It depends on the working definition of kook. Arguably, this single member LLC website selling 52-card playing decks that focus on the 52 senators who chose to acquit Donald Trump of his first impeachment charges, is a bit kooky. Not Building 7 kooky, but in the same neighborhood.
According to this website, holding Ronald Reagan responsible for convincing the mullahs of Iran to hold onto our hostages until after his inauguration isn’t very kooky, because there’s proof. Still being upset at the injustice of the Supreme Court voting 5-4 to stop the vote count from continuing in Florida so as to end the drama of the 2000 election, and thereby appoint the presidency to a popular vote loser, isn’t very kooky, because that, too, had happened. So did the fact that a Diebold executive died in a plane crash while conducting landing and take-off maneuvers for certification months before the 2004 election despite being an experienced pilot. Now, whether that exec was going to blow the whistle on his company’s business practices is up for speculation as there’s no news coverage of that angle. However, research did find an article about a second Diebold whistleblower who gave all his evidence to Hustler magazine and then getting sued into submission, which, admittedly, is a bit kooky.
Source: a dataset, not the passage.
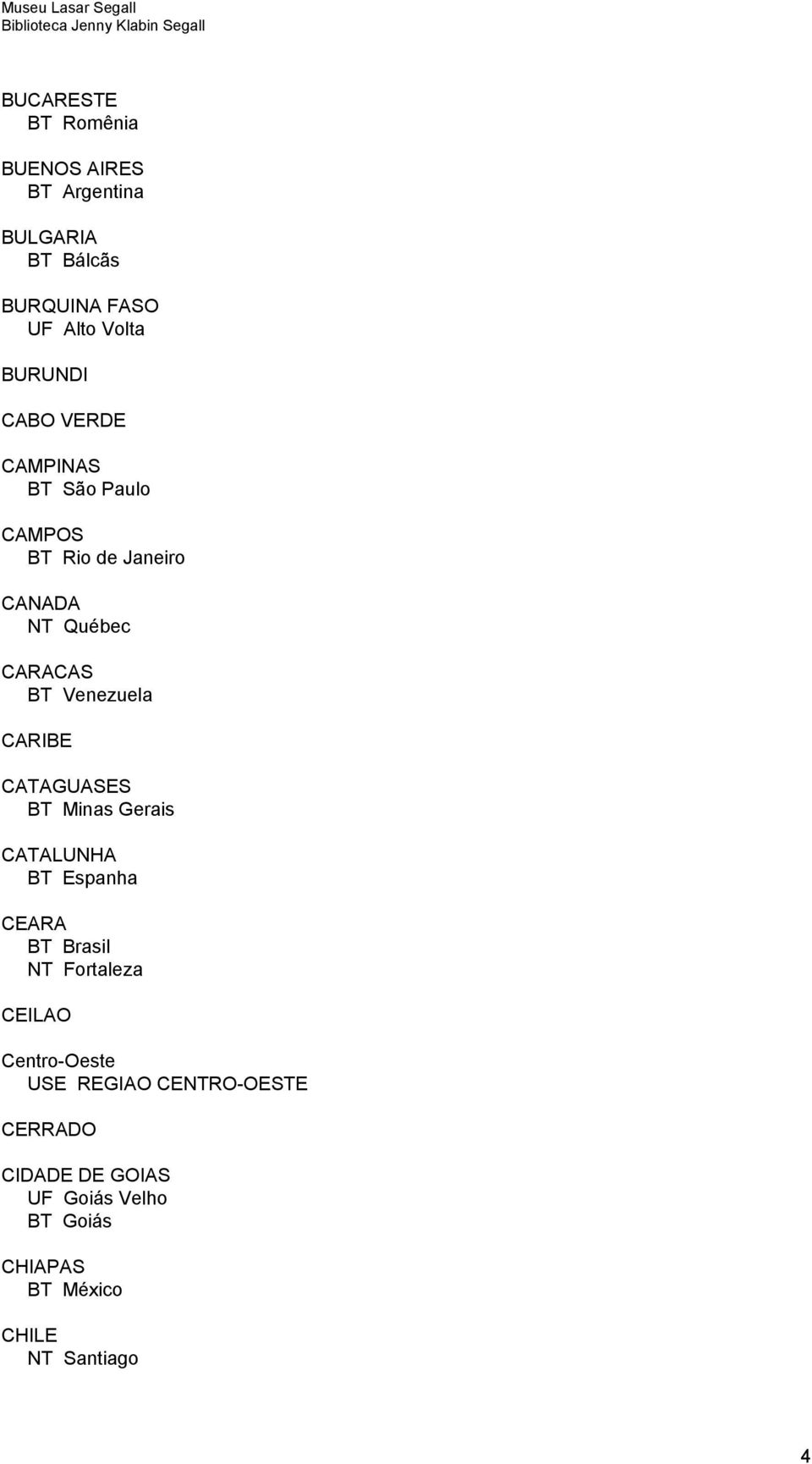 CARIBE CATAGUASES BT Minas Gerais CATALUNHA BT Espanha CEARA NT Fortaleza CEILAO Centro-Oeste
Maybe I wouldn’t feel this way if the first election I remember wasn’t called a landslide on national TV before the polls closed on the West Coast.
For the record, and despite the lack of current coverage, there was election interference in 2016, and voting machines are easy to hack. But somehow we are all told to accept the notion that 52% of America’s white women voted for the convicted sex offender (with pals like P. Diddy and Jeffrey Epstein) over the pretty, lady prosecutor whose experience includes being a local D.A., a state A.G., and a U.S. senator and its vice president due to the rising cost of eggs? In this same vein, the notion that Latino men in Texas flipped from Biden to Trump just doesn’t cover it. They aren’t the reason Donald Trump’s has turned the federal government into a den of Gotham City villains.
It’s the billionaires. They don’t want to pay more in taxes. So they have decided that America should be an oligarchy. Which is bewildering for anybody who had ever taken an sixth grade social studies course until we realize that our country of hundreds of millions is fed 90% of its media by a total of six conglomerates. If they all decide that the rapist gets to return to office, and thereby escape justice in the most absurd of fashions, then that is the bubble in which we will suffocate. Add in how corporations are people, too, and my friends, what we have a failure to communicate. The banjo we’re dueling wants us to squeal like a pig.
And to think, 25 years ago the Republican Party lost its collective gourd trying to make a federal case out of the President receiving illicit oral sex while in the Oval Office.
We live in interesting times. Sometimes you’ve got to laugh to keep from crying. Might as well play some cards.